Politico quotes insiders who say they think Pearson will eventually sell the FT, but they’re skeptical that a deal is now imminent. Media analysts poured cold water on the latest talk of a deal.

“We find difficult to believe that this is the right time for Pearson to sell the FT (or for management to consider a sale)…,” said analyst Claudio Aspesi at Bernstein, pointing to three reasons:

  • The company does not need the cash.
  • The FT is performing well and its prospects are — if anything — improving.
  • The newspaper has a fairly sizeable pension deficit and the trustees would most likely demand that it is paid in full.

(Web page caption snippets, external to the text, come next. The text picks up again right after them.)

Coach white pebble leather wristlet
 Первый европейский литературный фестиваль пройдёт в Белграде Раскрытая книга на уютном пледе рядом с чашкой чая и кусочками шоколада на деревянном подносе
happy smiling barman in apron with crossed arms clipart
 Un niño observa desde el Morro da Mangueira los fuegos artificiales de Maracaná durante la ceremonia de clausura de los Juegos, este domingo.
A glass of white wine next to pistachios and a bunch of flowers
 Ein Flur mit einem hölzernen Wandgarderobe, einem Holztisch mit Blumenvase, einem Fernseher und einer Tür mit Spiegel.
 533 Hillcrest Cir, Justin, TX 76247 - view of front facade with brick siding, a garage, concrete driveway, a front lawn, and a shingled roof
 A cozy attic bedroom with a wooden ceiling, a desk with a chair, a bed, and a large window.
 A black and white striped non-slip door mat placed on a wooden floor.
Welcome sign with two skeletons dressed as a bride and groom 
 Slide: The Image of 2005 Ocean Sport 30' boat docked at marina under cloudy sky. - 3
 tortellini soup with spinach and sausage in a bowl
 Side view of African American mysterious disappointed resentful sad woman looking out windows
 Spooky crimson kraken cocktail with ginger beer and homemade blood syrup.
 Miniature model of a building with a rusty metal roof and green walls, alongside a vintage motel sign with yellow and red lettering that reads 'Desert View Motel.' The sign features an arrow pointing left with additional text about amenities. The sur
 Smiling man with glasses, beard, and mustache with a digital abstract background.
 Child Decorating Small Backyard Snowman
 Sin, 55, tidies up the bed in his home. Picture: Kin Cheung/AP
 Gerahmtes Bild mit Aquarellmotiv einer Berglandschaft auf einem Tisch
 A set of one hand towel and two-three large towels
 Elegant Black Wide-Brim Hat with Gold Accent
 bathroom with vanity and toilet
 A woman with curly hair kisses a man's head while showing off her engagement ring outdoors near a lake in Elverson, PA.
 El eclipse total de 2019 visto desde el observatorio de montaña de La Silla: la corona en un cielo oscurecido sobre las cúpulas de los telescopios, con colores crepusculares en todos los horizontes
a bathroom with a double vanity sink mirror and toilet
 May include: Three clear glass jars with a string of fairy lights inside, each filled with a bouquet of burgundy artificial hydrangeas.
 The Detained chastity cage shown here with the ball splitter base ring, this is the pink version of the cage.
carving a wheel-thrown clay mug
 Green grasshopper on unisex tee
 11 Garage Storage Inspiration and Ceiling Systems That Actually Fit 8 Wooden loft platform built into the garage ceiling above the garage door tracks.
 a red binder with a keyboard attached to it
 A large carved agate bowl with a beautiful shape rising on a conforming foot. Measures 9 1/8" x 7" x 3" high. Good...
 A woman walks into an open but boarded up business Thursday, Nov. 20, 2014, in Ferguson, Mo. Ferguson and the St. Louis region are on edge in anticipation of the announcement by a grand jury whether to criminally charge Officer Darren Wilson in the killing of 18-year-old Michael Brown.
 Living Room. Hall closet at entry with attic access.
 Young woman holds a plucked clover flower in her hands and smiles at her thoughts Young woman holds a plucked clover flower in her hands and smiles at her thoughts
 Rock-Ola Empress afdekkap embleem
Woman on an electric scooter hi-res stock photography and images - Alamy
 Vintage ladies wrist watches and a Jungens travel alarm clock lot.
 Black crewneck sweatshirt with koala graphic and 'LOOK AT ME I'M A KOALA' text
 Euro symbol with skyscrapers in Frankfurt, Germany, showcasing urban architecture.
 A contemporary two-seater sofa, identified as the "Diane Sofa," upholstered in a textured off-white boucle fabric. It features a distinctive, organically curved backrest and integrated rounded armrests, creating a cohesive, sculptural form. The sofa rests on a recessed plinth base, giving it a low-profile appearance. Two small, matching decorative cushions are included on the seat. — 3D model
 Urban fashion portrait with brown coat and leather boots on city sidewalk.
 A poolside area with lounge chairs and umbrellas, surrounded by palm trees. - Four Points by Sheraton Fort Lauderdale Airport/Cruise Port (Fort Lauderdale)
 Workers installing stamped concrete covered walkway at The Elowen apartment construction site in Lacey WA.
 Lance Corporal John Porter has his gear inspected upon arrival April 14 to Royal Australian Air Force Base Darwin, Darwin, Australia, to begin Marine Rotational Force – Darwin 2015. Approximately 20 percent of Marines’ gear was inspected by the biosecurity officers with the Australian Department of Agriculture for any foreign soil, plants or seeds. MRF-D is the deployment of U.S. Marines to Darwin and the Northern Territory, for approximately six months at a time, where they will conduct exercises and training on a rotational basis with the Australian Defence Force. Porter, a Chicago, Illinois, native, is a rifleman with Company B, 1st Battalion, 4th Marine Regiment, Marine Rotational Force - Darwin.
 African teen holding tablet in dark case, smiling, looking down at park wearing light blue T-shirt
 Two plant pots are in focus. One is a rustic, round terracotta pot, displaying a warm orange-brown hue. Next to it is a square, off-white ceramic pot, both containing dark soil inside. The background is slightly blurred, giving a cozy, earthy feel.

“We have long advocated that Pearson should divest its non-educational assets, so we would have no problems with such move, but we are sceptical this will prove the right time to do it,” wrote Aspesi in a research note.

If Pearson does truly decide to put FT on the auction block, the thinking is it would naturally go to the highest bidder, in which case the anonymous “investors in Europe, the Middle East and Asia”  — may well read: China. Or Michael Bloomberg himself.

It just depends on who is doing the talking.